Project No.: 260671/72

Funding Agency: Defense Logistics Agency - Defense Technical Information Center/NASA

Award No.: SP4700-05-P-0148

Project Title: Tools for Automatic Extraction of Metadata from DTIC Electronic Documents Collections - Phase II

Project Period: 09/19/05 3/31/06

 

Work Accomplishments during period

 

 

 

Classification:

 

Revisited the classification problem to identify that we do not get false positives from a larger test set. We ran all known non-form documents(about 500) through the integrated process with the four known classes and obtained only a few false positives for the 3 major classes. The fourth one which is a catchall template for the title did, as expected, collect a number of documents.

 

Metadata Extraction RDP:

 

The production staff performed a full scale test on 400 previously un-processed documents and reported a number of new requirements they would want us to address (standard formats for certain output fields such as date, title, contract number). They reported success in over 90% of cases but were dissatisfied with time saving because of these nonstandard outputs(we output what is in document which is not necessarily what gets into database). Also they reported a number of times process seems to hang see problem cases below.

 

Metadata Extraction general:

 

We have completed the collecting of statistics for the NASA collections. We have begun an adjusting of parameters to be able to reproduce the manual classification of the major NASA test collection classes

 

NASA Collection Characteristics

We have now completed the software configuration so that we can use different statistics and different collections as input and are preparing the final software package

 

 

Problem Areas and Corrective Actions

 

We have encountered a serious problems in the automated process of processing files for their first and last 5 pages which is then fed to Omnipage. Preliminary identification of the problem points to files that are password protected. We are in debugging phase and retesting. Because of the extensive nature of the classification and automation processes and unexpected problems we have decided to concentrate on the robustness of the final software package rather than on more enhancements and templates for DTIC.
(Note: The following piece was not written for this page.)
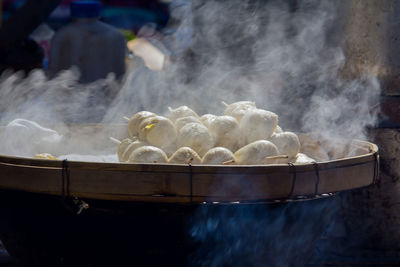 Close-up of steam emitting from dumplings in container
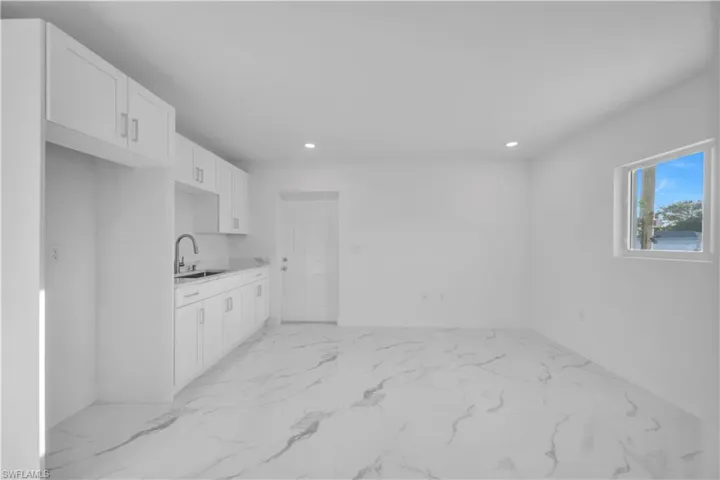 Kitchen featuring stainless steel appliances, white cabinets, recessed lighting, and light marble finish floors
We also have recommended that DTIC set up a separate testbed that can be used to test the final software in a DTIC environment before it goes into production.

 

Deviations in Cost/Schedule

 

Due to the problems encountered we propose to have the software delivered at the official end date of the grant 4/30 including all reports. However we propose to forego more templates and engine enhancements beyond the current number (on the order of dozens rather than a hundred). Also we want to push the tutorial into the next phase of the contract

 

Papers and Reports

 

We have prepared a presentation to be given at the upcoming user conference and also provide input into a presentation of Gopi to senior management

 

Work to be Accomplished Next Period

1) Continue testing of the integrated system

2) Tune the post-hoc validation approach to recognize correctly 4 DTIC categories and 2 NASA categories

3) Write reports